Trifecta

January 17th, 2013

If there were still magazine stands, I’d be all over them today. Three pieces of mine have (coincidentally) come out on in the last day or so, in fairly disparate publications

* In Aeon (a new British “digital magazine of ideas and culture, publishing an original essay every weekday”), I have a followup to my first essay there, which argued the case for a Keynesian utopia, with a drastic reduction in market working hours. In my follow-up, I look at the environmental sustainability of the idea. The tagline for the essay “For the first time in history we could end poverty while protecting the global environment. But do we have the will? ”

* Continuing on the utopian theme, Jacobin magazine has published The Light on the Hill, a reply to Seth Ackerman’s piece on market socialism

* And, at The National Interest, a piece with the self-explanatory title, Will Banks Finally Be Brought to Heel?

While I’m plugging my own work, I thought some readers might be interested in this paper on financial liberalisation and asset bubbles, written in the leadup to the global financial crisis.
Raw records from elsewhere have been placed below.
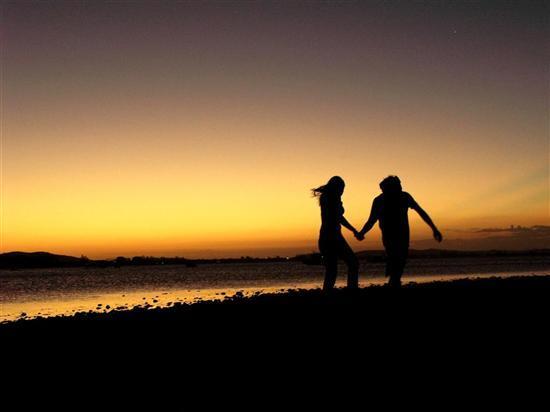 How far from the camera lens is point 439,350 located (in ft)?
23.4

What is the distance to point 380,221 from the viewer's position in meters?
11.3

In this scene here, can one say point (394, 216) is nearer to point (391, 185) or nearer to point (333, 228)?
point (391, 185)

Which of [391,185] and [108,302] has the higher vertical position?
[391,185]

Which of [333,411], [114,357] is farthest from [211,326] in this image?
[333,411]

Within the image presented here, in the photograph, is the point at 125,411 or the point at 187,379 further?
the point at 187,379

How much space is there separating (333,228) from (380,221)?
3.38ft

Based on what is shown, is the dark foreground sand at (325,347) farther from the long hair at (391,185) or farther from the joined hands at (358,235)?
the long hair at (391,185)

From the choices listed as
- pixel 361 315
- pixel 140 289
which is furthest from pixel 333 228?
pixel 140 289

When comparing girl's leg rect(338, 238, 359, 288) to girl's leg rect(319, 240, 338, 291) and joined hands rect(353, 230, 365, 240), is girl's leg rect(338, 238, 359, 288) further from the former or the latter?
joined hands rect(353, 230, 365, 240)

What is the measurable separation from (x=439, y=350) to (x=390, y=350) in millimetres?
622

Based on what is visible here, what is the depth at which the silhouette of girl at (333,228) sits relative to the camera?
36.1 feet

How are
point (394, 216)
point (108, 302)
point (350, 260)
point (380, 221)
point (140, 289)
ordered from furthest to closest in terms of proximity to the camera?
point (140, 289) → point (108, 302) → point (380, 221) → point (394, 216) → point (350, 260)

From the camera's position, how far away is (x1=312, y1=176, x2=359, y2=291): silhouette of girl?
36.1 ft

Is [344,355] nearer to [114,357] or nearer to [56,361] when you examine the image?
[114,357]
There’s not much I would change now, and it’s still a pretty good summary of how I think about the financial bubble that created the crisis. The linked working paper version is from 2004, and it eventually appeared in the Journal of Economic Issues, the main journal of the institutionalists who carry on the tradition started by Veblen and Commons in early C20. Not surprisingly, given this obscure outlet, it hasn’t had a lot of attention.

  1. Jordan
    January 21st, 2013 at 21:19 | #1

    “however the impairment of bank balance sheets”

    But that impairement comes only from sharing in projected income and taking a payout at the front end of a loan term. Projected income is allready spent by banks before it is determend if it will reach maturity or not.
    Projected income is spent right away by banks without that income being aquierd which in credit default it will not be, hence balance sheed is impaired.

    Due to that fact, some of banks in east Europe do not count principal part in monthly payments untill projected income is achieved, then the principal is being paid off.
    I know, that is obvious robery in case of a prepayment, but when given such power to banks to decide on credit terms they will do it to protect their balance sheet.
    Former communist block is a neoliberal paradise so there is no wonder why it is failing the progress in economy and wellbeing. European perifery is the looting area for the core.